The film’s co-creators, Jon Hurwitz and Hayden Schlossberg, officially turned their baked heroes into a sort of Cheech and Chong franchise for Gen Y with the 2008 sequel, Harold and Kumar Escape from Guantanamo Bay (my review).  Like its predecessor, it was crass and vulgar, yet still riotously funny (and oddly endearing, in a South Park kind of way). So, has the magic been recaptured in this latest installment?

I suppose that would depend on a little game of word association. If I say “Magic!”, and your immediate rejoinder is “Mushrooms!”, then I’d say you’ll probably enjoy the ride. The rest of you are strongly cautioned. For those in the latter group, I probably at least owe you a brief synopsis; the former already know that it’s not so much about the plot, as it is about the pot.

In the six years since their last misadventure, Harold (John Cho) has not only stepped away from the bong, but veered in the direction of responsible adulthood. He’s happily married, with a house in the ‘burbs and a Wall Street gig. In the meantime, Kumar (Kal Penn, who resigned from his White House position as Associate Director of Public Engagement to work on this film) has been on an opposite trajectory. He’s dropped out of med school, his girlfriend has left him, and he’s self-medicating with ganja (it gets funnier…seriously).

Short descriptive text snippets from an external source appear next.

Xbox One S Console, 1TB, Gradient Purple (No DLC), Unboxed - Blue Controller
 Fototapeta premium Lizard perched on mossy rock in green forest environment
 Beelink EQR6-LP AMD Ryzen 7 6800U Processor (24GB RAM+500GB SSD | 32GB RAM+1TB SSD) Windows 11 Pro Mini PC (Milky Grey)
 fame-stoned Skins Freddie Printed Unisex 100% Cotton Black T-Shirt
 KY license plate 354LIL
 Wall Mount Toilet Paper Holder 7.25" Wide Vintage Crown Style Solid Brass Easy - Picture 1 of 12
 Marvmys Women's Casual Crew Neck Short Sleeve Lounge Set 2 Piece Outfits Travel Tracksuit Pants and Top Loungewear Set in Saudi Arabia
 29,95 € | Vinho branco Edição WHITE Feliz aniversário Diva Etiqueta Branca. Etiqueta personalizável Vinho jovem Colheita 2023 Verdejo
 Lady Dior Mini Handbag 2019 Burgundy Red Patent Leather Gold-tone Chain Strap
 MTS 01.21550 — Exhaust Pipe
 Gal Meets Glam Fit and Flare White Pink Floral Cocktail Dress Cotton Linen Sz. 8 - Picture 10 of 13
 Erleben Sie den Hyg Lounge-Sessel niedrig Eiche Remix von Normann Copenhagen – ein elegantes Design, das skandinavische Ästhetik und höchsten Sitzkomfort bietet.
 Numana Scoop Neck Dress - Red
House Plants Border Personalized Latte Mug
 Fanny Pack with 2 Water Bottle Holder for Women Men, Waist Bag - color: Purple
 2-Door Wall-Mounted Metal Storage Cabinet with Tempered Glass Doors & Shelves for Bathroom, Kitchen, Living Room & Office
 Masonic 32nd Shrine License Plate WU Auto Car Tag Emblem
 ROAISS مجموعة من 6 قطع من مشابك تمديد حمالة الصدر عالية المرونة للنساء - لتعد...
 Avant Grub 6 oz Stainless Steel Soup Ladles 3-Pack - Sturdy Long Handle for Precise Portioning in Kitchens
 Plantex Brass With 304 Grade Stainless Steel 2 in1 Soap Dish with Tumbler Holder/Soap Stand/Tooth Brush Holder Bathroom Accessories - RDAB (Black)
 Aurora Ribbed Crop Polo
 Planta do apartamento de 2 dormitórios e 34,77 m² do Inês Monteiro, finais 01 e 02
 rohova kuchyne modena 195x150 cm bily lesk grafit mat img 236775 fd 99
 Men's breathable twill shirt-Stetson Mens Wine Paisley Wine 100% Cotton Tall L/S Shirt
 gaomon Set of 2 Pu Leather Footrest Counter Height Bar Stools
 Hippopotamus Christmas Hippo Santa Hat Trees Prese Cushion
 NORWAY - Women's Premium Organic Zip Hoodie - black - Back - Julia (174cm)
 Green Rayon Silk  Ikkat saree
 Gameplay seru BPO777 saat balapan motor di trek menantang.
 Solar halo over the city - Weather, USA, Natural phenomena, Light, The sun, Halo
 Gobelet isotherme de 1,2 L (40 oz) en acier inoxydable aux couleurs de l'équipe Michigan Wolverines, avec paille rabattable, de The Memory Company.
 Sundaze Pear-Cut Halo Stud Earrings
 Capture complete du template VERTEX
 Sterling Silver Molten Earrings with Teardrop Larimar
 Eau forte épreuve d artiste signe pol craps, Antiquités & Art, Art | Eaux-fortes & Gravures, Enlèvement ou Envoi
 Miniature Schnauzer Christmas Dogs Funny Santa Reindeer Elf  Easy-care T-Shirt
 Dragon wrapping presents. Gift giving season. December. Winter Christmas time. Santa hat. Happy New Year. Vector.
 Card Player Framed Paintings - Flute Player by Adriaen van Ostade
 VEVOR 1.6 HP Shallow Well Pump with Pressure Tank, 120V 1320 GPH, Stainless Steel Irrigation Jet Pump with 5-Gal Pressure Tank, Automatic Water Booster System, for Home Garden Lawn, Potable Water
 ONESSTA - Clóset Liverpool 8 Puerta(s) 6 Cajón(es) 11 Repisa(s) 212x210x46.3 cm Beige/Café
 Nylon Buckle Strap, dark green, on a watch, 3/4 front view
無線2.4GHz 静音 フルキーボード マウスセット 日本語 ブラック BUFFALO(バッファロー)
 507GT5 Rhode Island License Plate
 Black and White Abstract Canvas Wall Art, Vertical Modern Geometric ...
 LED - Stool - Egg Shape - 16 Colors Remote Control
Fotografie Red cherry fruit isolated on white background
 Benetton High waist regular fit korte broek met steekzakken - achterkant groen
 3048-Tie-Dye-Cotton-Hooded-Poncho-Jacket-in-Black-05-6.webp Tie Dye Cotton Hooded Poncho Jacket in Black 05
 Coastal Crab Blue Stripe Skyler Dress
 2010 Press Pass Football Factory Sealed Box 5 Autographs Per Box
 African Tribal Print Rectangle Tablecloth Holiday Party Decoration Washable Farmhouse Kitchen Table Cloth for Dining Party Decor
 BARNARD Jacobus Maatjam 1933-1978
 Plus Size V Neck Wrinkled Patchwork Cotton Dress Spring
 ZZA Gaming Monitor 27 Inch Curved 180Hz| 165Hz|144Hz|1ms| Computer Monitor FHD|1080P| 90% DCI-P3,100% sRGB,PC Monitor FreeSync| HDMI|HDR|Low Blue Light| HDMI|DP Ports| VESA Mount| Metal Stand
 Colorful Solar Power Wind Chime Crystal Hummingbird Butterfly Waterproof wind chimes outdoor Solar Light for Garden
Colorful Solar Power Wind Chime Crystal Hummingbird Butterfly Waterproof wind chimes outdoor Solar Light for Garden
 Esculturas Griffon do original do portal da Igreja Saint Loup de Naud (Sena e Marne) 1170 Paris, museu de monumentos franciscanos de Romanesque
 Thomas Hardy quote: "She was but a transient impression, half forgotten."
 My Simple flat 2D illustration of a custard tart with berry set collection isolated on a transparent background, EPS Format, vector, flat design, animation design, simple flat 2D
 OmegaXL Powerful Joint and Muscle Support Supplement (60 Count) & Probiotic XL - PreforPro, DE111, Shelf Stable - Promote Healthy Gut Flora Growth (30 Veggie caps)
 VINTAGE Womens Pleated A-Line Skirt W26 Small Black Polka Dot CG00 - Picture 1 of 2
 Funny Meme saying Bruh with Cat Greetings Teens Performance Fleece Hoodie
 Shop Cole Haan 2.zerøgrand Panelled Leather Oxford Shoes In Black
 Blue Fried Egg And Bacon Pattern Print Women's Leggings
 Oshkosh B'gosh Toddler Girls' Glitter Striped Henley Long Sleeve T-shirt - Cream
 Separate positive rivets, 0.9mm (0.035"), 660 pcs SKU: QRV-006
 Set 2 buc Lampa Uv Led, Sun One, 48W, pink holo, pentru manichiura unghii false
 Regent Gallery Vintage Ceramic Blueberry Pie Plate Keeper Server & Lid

Kumar shows up on Harold’s doorstep Christmas week, and to make a short story even shorter, comic mayhem ensues. The duo (who have drifted apart) are reunited by necessity, scrambling to find a replacement before Harold’s father-in-law (a funny-scary Danny Trejo) discovers that his prized, personally-cultivated Christmas tree has gone up in flames (don’t ask). And yes, Neil Patrick Harris is back again for his third, erm, outing.

Hurwitz and Schlossberg co-wrote, but this time they’ve turned the helming chores over to Todd Strauss Schulson. This is the feature film debut for Schulson, who previously directed music videos and a handful of TV movies. I hope I’m not damning him with faint praise by saying that he has rendered the most visually creative Harold and Kumar entry yet, particularly with the clever use of 3-D. In fact, I think he has used it much more effectively here than Cameron did in Avatar. Go ahead…ask (“Are you high?!”). Maybe.